## Study material
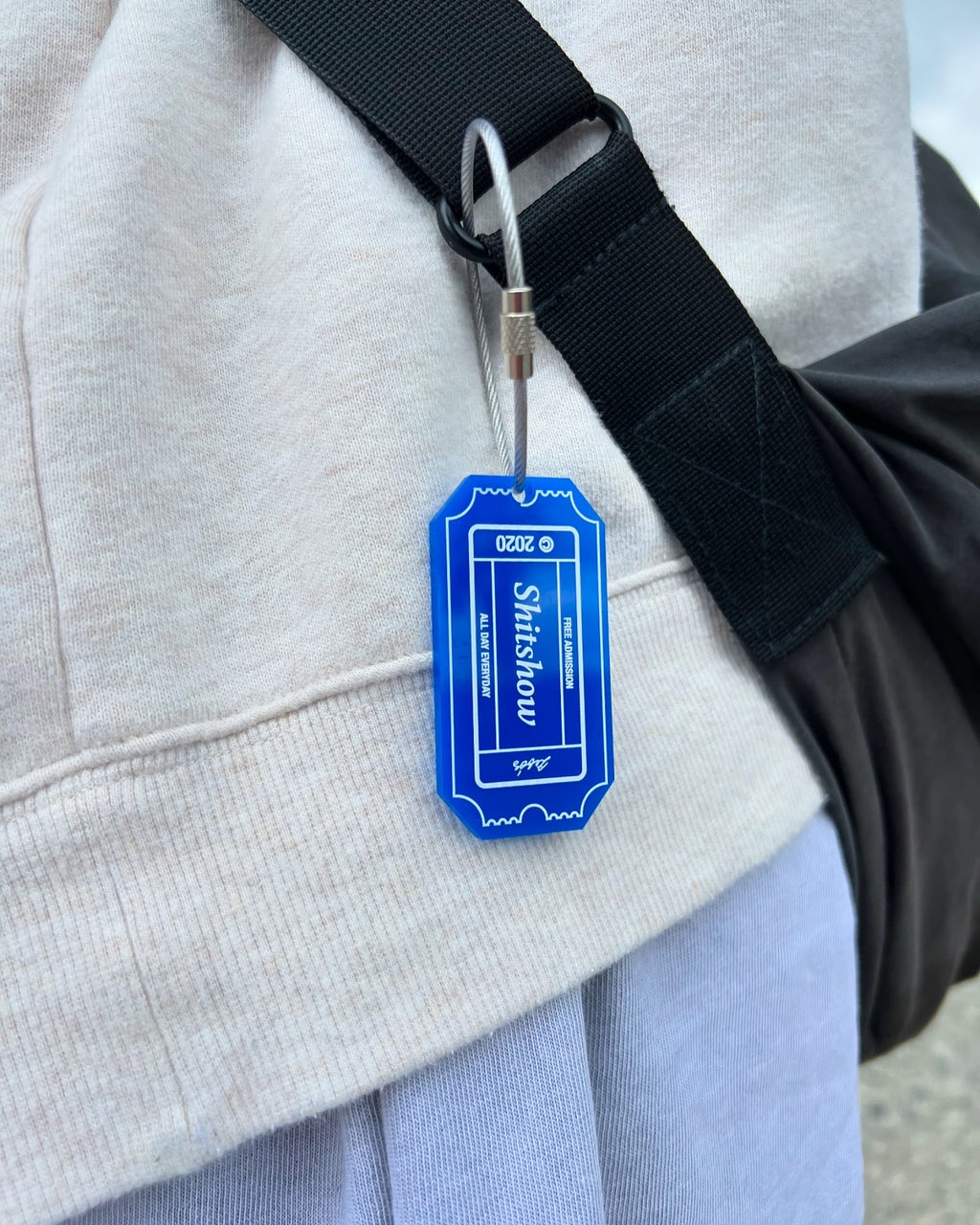 Shitshow Ticket Key Chains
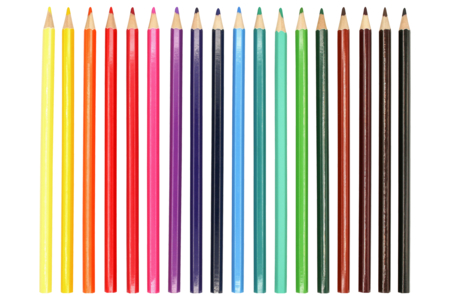 Crayons de couleur - 18 couleurs - Crayons de couleur – 10doigts.fr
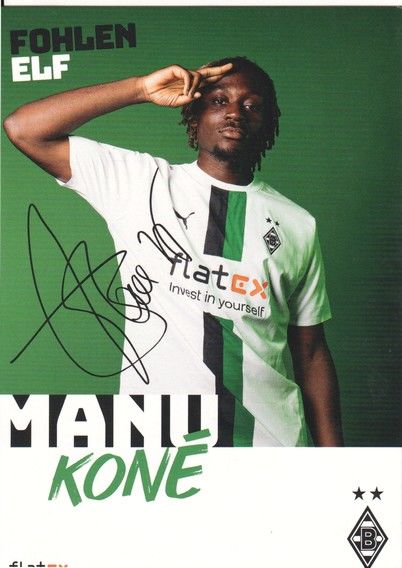 Autogramm Fussball | Borussia Mönchengladbach | 2022 | Manu KONE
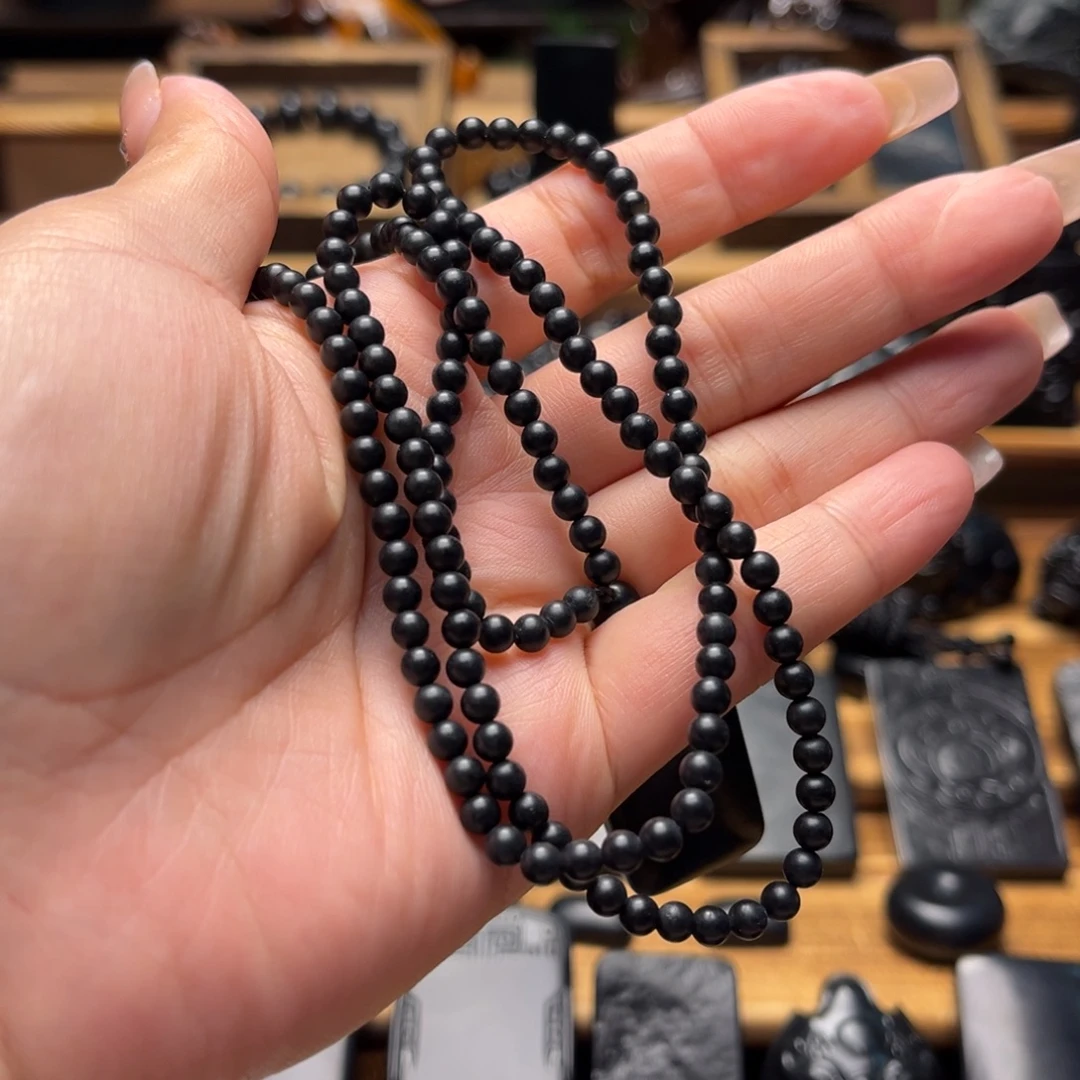 未镶嵌手链和田玉（墨玉）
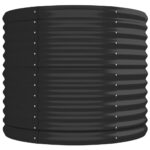 Lit surélevé de jardin Acier enduit de poudre Anthracite – Image 2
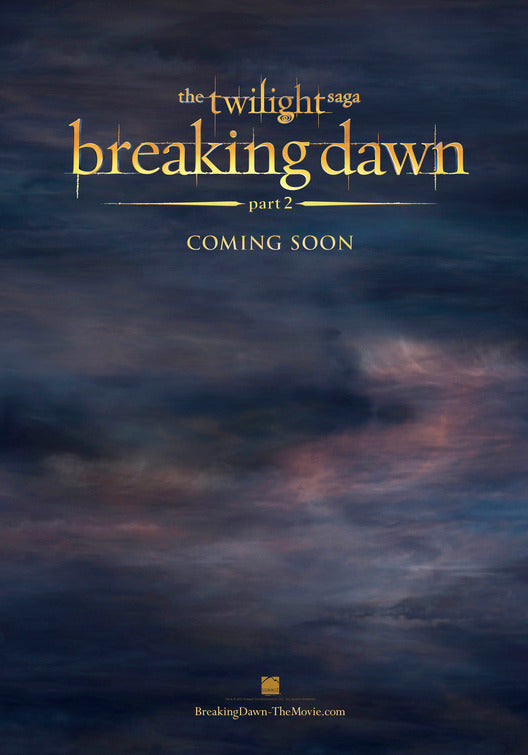 1000 piece jigsaw puzzle for the movie poster: The Twilight Saga: Breaking Dawn - Part 2 (2012)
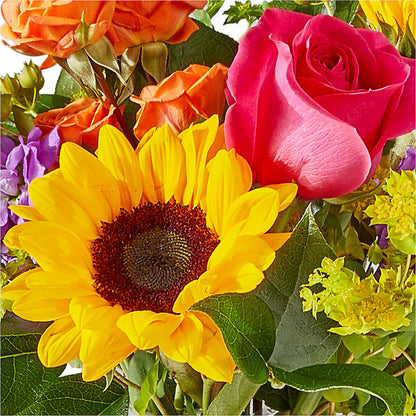 Vibrant Greetings Bouquet –  Panda Flowers Canada Inc, Calgary AB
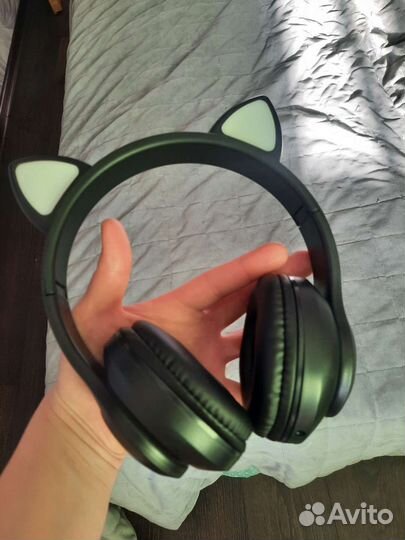 Наушники беспроводные детские, ушки светятся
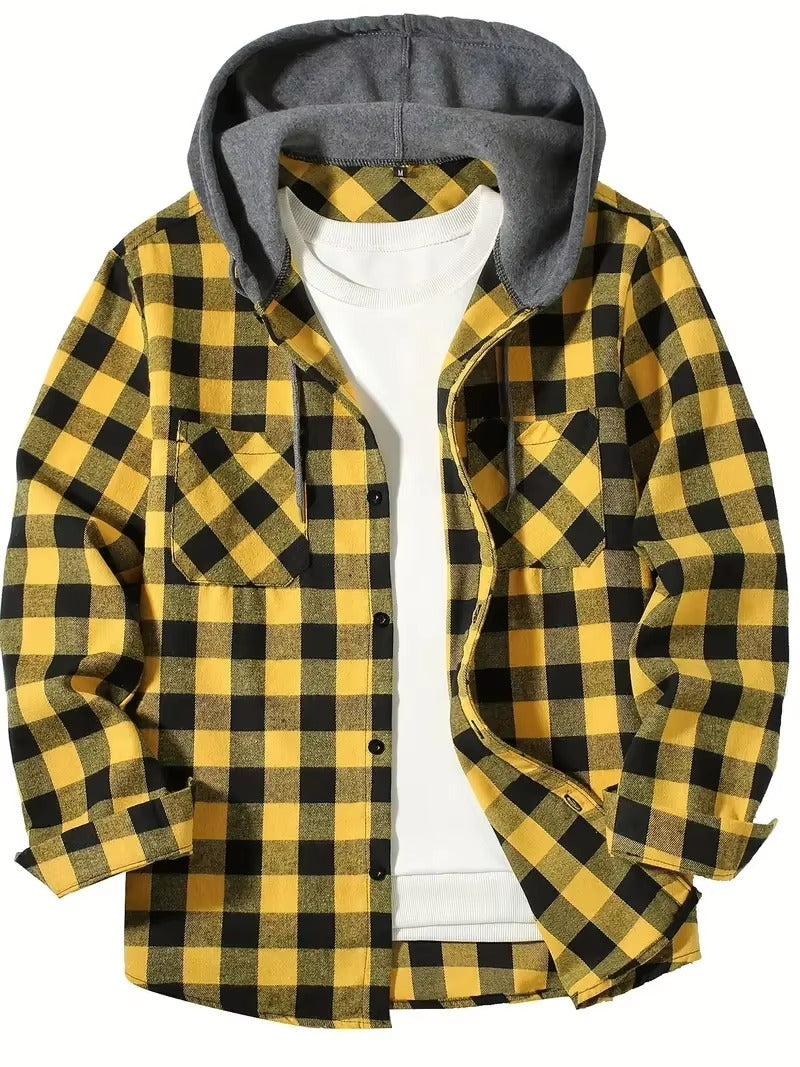 Men’s Casual Shirt – Slim Fit Long Sleeve Turn-Down Collar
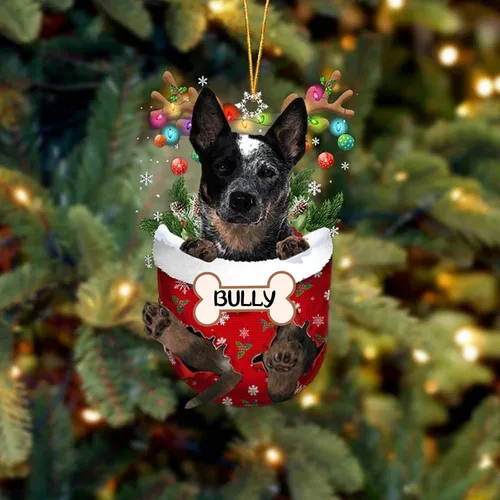 Vista 156 de IZI POD Affenpinscher Adorno de Navidad personalizado para perro, adorno de bolsillo de nieve para perro para árbol de Navidad, adorno acrílico
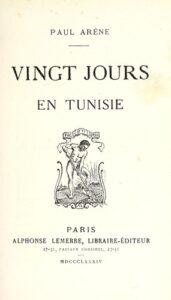 Vingt Jours En Tunisie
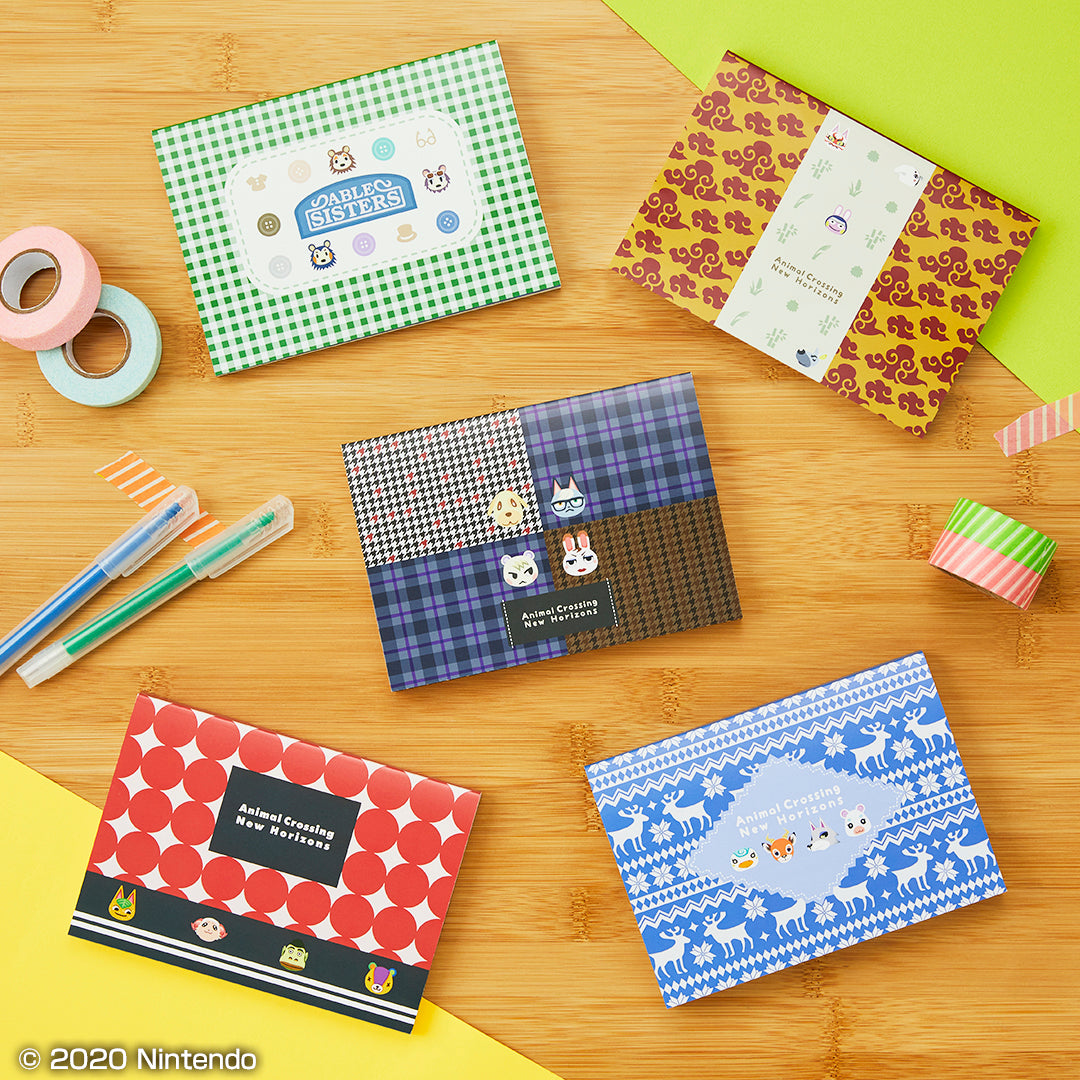 Animal Crossing Carefree Island Life Kuji Notepad (prize F)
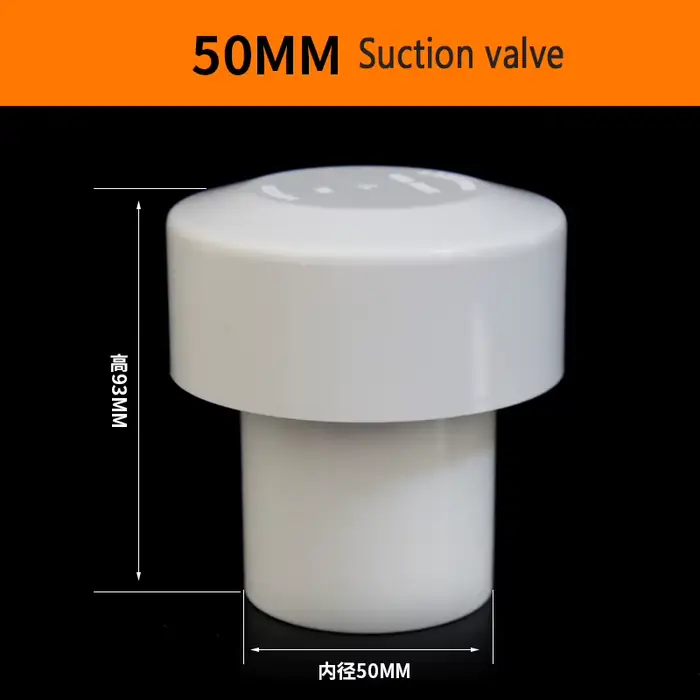 Tuyau de Drainage de Valve d'aspiration en PVC de haute qualité, avec Ventilation automatique et éch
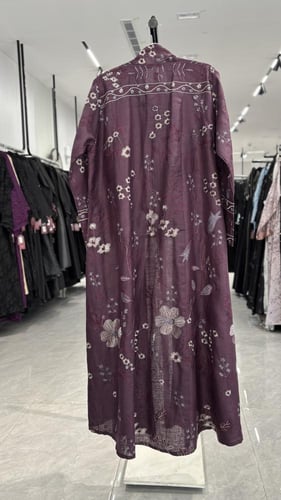 عباية D361- بنفسجي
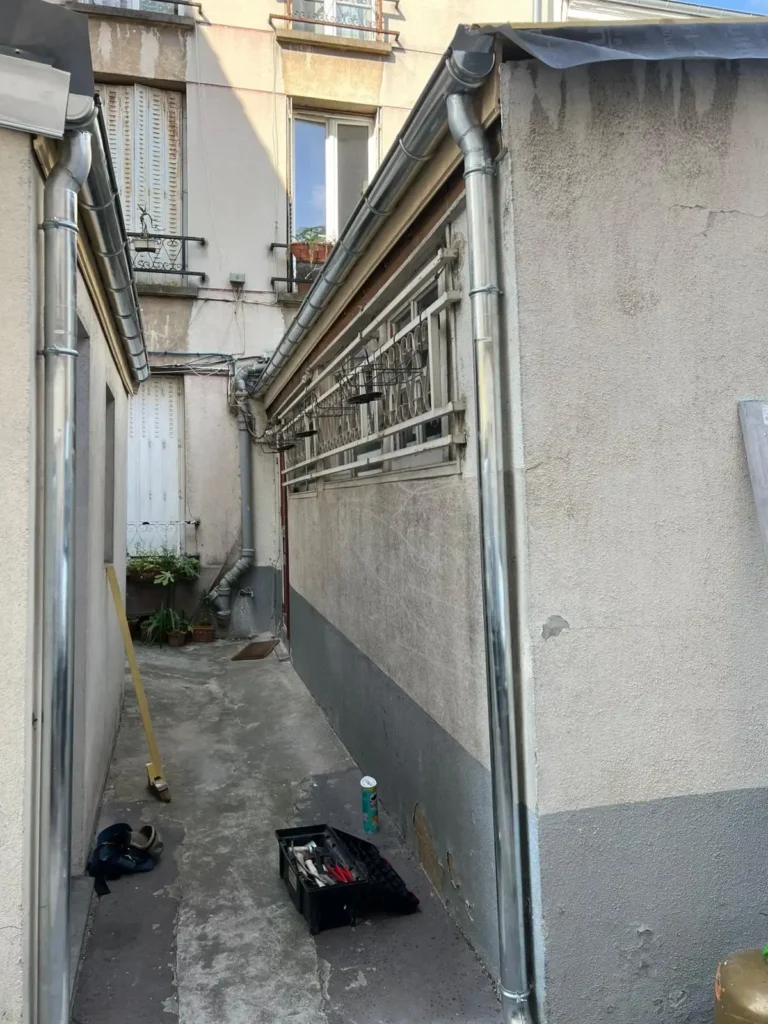 pose zinc toit paris 17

## Exercise brief
Above, find the line with "Vibrant Greetings Bouquet"; copy it and every line down to the line with "Men’s Casual Shirt", exactly and both included, but no pictures.

## Output of the task
 Vibrant Greetings Bouquet –  Panda Flowers Canada Inc, Calgary AB
 Наушники беспроводные детские, ушки светятся
 Men’s Casual Shirt – Slim Fit Long Sleeve Turn-Down Collar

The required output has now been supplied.